SARAJEVO, Bosnia-Herzegovina — A group of women broke Saturday through a police cordon and entered a former warehouse in Bosnia to lay flowers where their loved ones were killed during the 1995 Srebrenica massacre. Bosnian Serb police said they didn't use force, but the women — who are Muslim Bosniaks — alleged that the police beat them, injuring eight.

The head of the Bosnian Serb police, Gojko Vasic, said the women had no permission to enter the facility because it is private property but that they cut their way through a fence. He said one woman hit a police officer over the head with her mobile phone.

Munira Subasic, who led the group of women, said she was bruised when police beat "us with elbows and feet."

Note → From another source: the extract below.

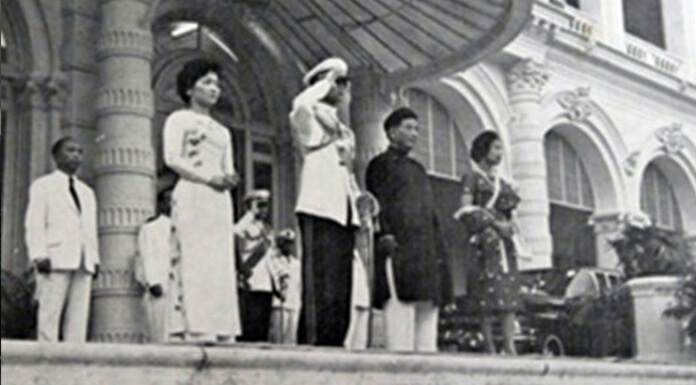 ในหลวงรัชกาลที่ 9 กับพระราชกรณียกิจในประเทศเพื่อนบ้านอาเซียน ในหลวงรัชกาลที่ 9 กับพระราชกรณียกิจในประเทศเพื่อนบ้านอาเซียน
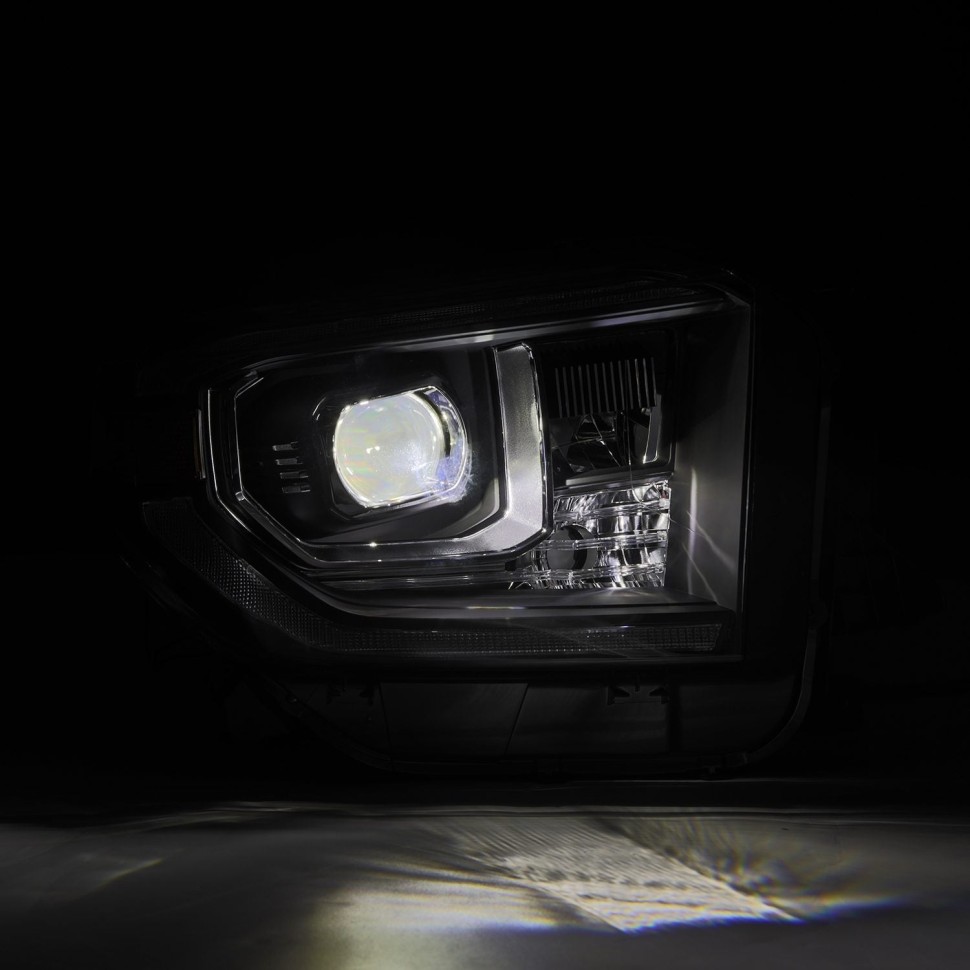 Комплект передних Led фар Toyota Tundra 14-21 LUXX-Series AlphaRex 880835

On July 11, 1995, Serb forces overran the eastern town of Srebrenica and executed more than 8,000 Muslim Bosniak men and boys in what became known as the worst massacre in Europe since the Nazi era.

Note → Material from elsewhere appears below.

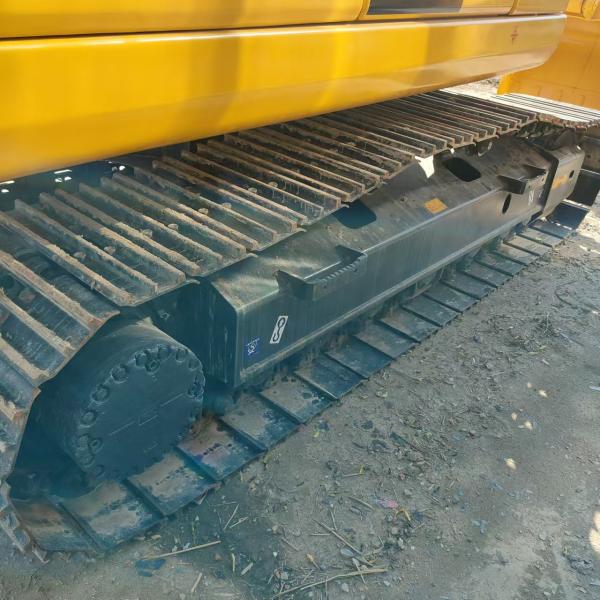 Подержанный экскаватор Komatsu PC160 с точностью управления и отличной экономией топлива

According to a U.N. war crimes tribunal, about 1,000 of the victims were brought to the warehouse in the nearby village of Kravice, locked inside and gunned down on July 13. Soldiers then threw hand grenades inside to finish off potential survivors.

The bodies were buried in mass graves but then excavated again a few months later by the perpetrators with bulldozers and buried at other locations to hide the crime. Many of the bodies were torn apart.

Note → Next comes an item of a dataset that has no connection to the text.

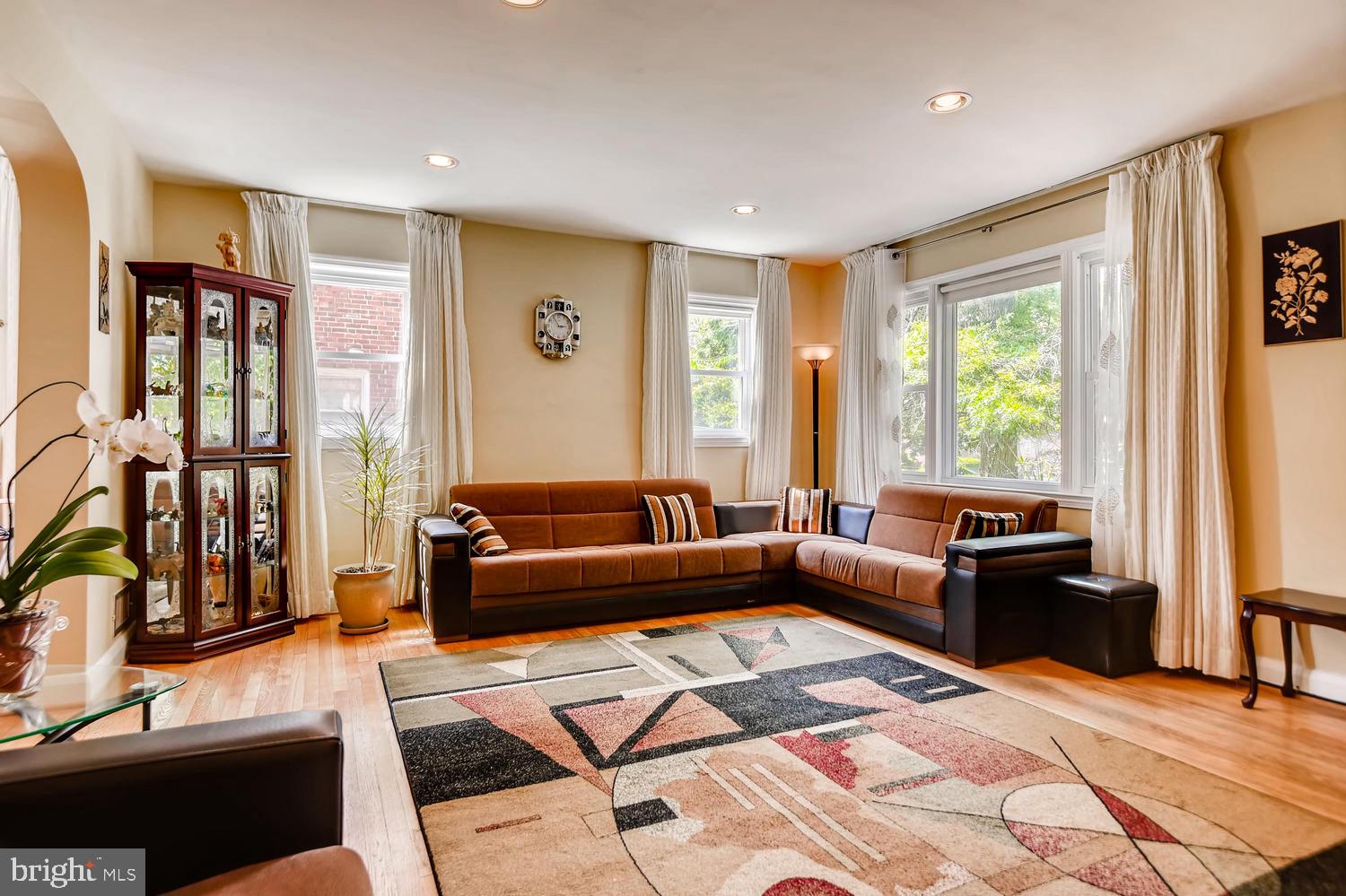 4015 Fallstaff Road Baltimore, MD 21215 - Photo 5 of 28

This past week, Subasic buried two bones of her then-18 year-old son; more of his remains have not yet been recovered.

Ethnic tensions still simmer in Bosnia-Herzegovina, and the warehouse lies in the Bosnian Serb half of the country, which has its own police force.

Relatives of the victims have never been allowed to visit the warehouse to pay their respects, but this year the women, carrying pliers, were determined to get inside. Subasic said the people injured mainly suffered bruises, but that "every victory had a price and so does this one."

"In 1995, they forced our children inside and today they beat us to prevent us from getting in," she said.